Description of the task >>
In the data below, begin at the line with "لیست قیمت جدید" and stop after the line with "天津市交流電動機產(chǎn)量分月（當月值）統(tǒng)計圖"; output those lines exactly and no pictures.

*** Opening of Data supplied ***

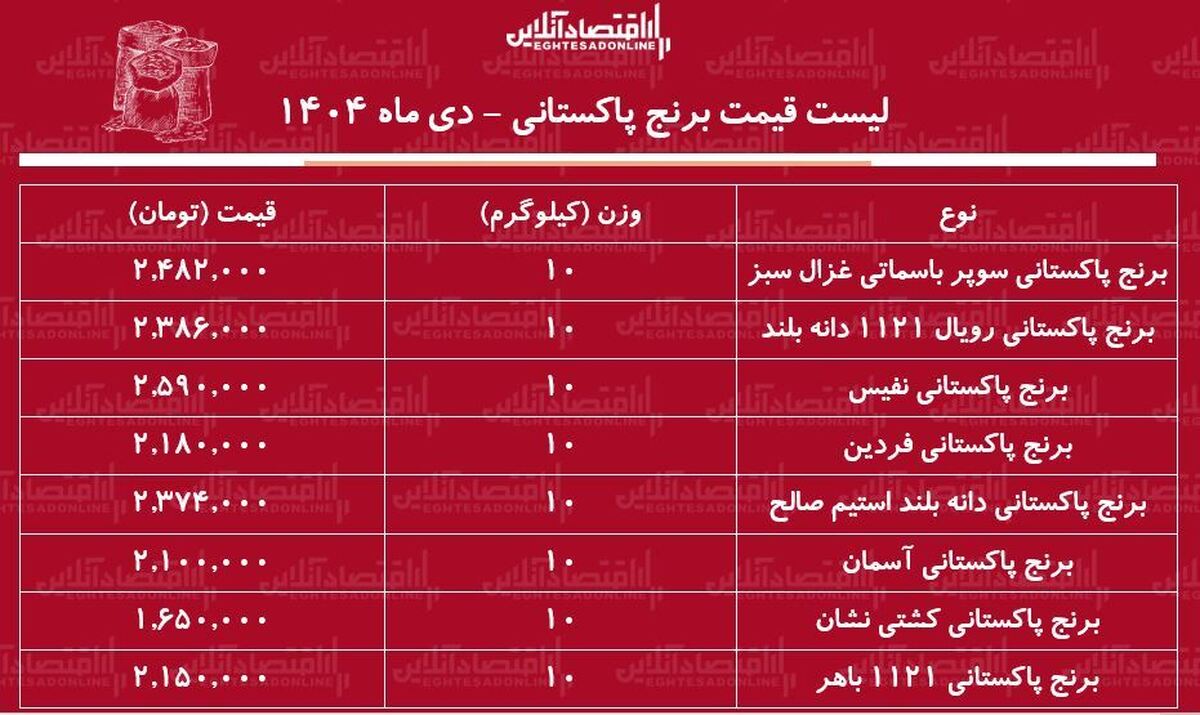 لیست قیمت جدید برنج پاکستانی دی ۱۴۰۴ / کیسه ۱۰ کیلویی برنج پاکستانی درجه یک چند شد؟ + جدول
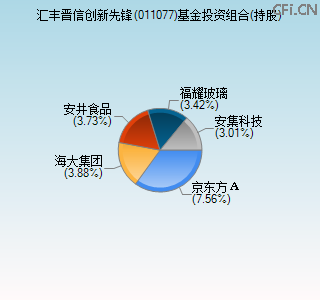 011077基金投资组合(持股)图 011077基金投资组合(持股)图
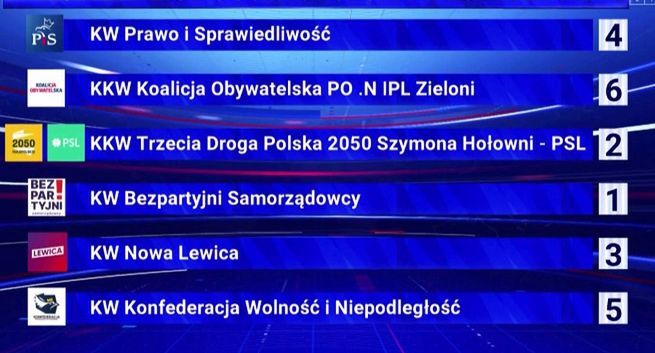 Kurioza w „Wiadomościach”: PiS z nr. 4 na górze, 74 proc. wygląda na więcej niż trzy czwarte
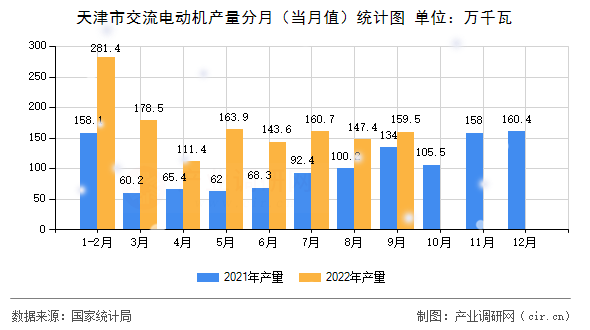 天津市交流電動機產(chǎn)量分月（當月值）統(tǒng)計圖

*** Close of Data supplied ***
*** Opening of Data supplied ***

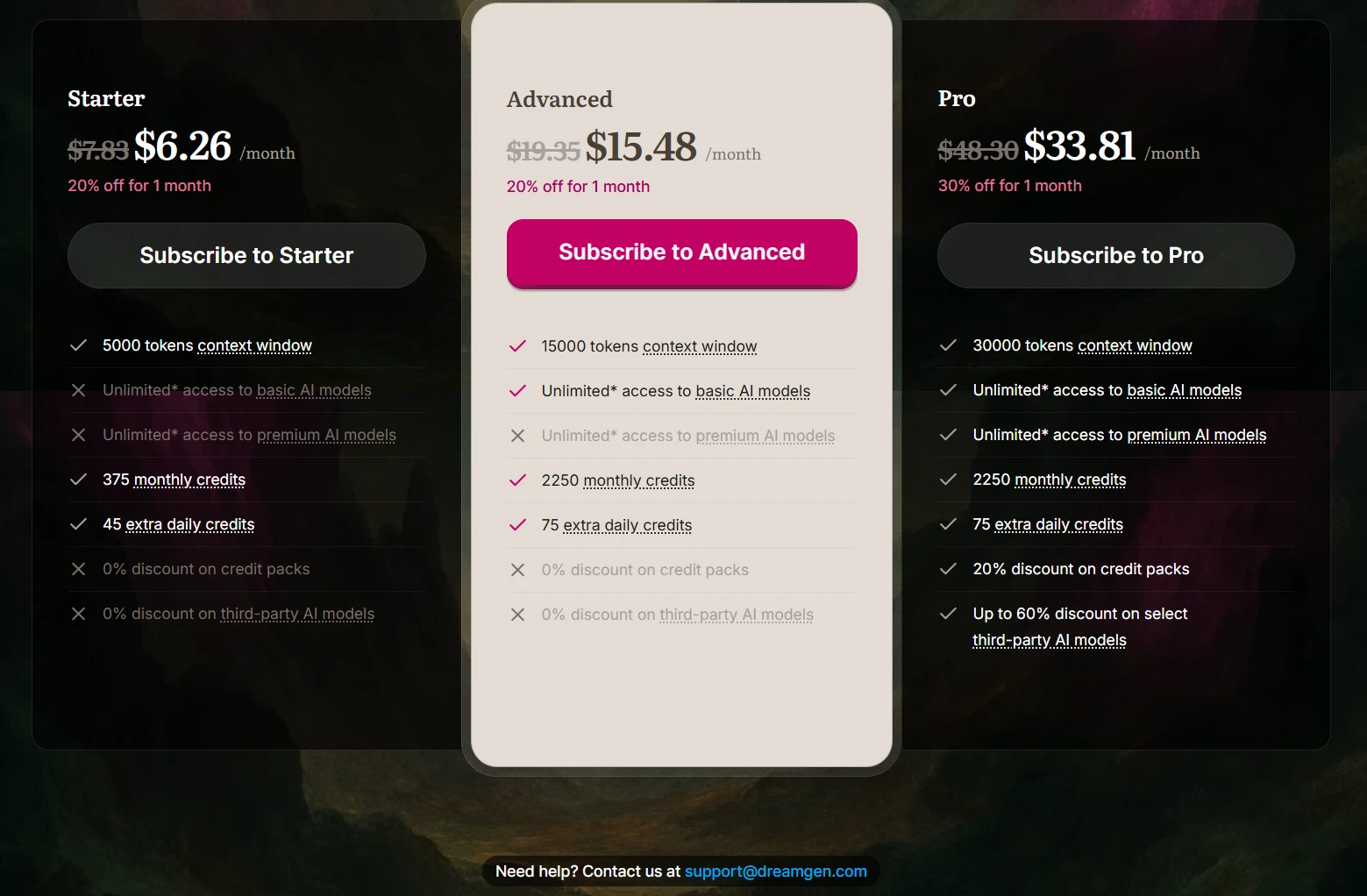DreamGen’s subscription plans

*** Close of Data supplied ***
*** Opening of Data supplied ***

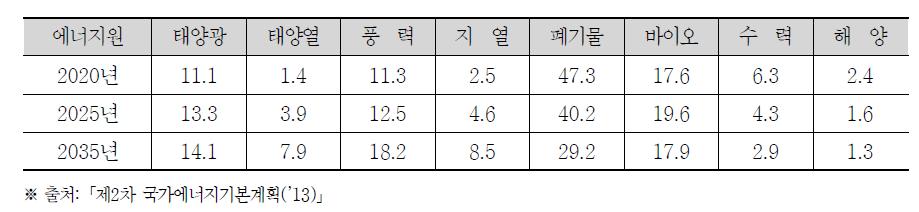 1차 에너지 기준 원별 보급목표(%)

*** Close of Data supplied ***

Task solution >>
 لیست قیمت جدید برنج پاکستانی دی ۱۴۰۴ / کیسه ۱۰ کیلویی برنج پاکستانی درجه یک چند شد؟ + جدول
 011077基金投资组合(持股)图 011077基金投资组合(持股)图
 Kurioza w „Wiadomościach”: PiS z nr. 4 na górze, 74 proc. wygląda na więcej niż trzy czwarte
 天津市交流電動機產(chǎn)量分月（當月值）統(tǒng)計圖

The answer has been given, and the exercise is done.